● TRY IT
For this exercise, return all the data word for word, with images left out.

● DATA SECTION
-=-=-=-=-

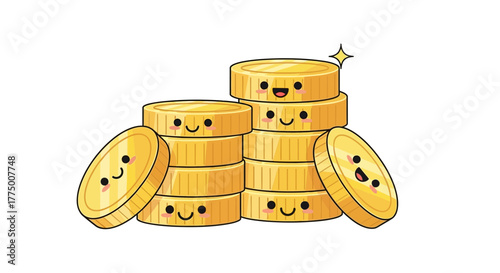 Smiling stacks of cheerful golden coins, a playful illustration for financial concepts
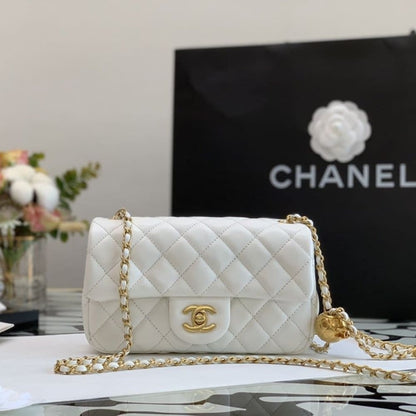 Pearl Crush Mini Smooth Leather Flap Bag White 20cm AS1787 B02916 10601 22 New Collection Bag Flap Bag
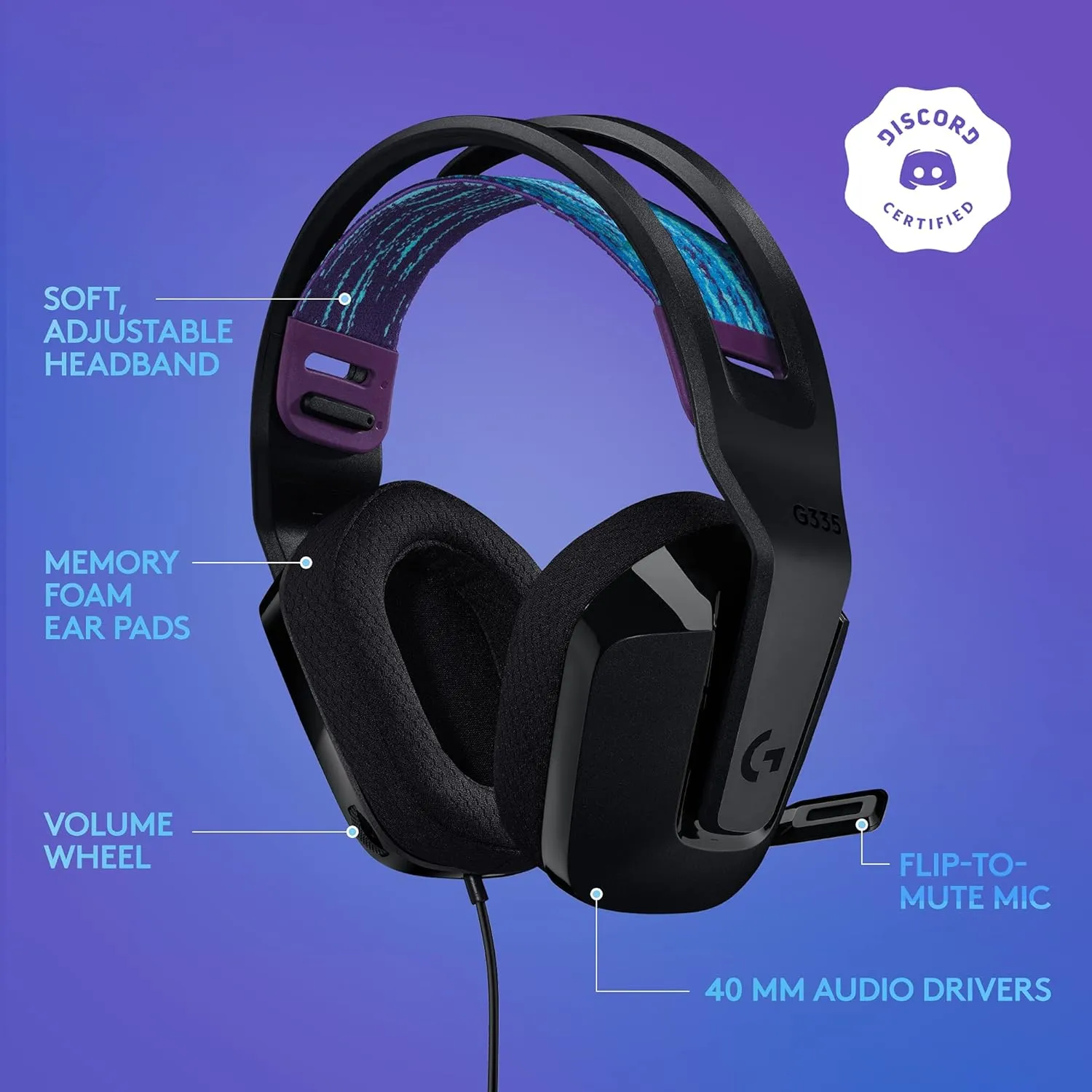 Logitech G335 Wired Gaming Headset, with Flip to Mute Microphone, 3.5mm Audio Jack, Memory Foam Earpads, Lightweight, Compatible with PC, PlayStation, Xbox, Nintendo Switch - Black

-=-=-=-=-

● TASK OUTPUT
 Smiling stacks of cheerful golden coins, a playful illustration for financial concepts
 Pearl Crush Mini Smooth Leather Flap Bag White 20cm AS1787 B02916 10601 22 New Collection Bag Flap Bag
 Logitech G335 Wired Gaming Headset, with Flip to Mute Microphone, 3.5mm Audio Jack, Memory Foam Earpads, Lightweight, Compatible with PC, PlayStation, Xbox, Nintendo Switch - Black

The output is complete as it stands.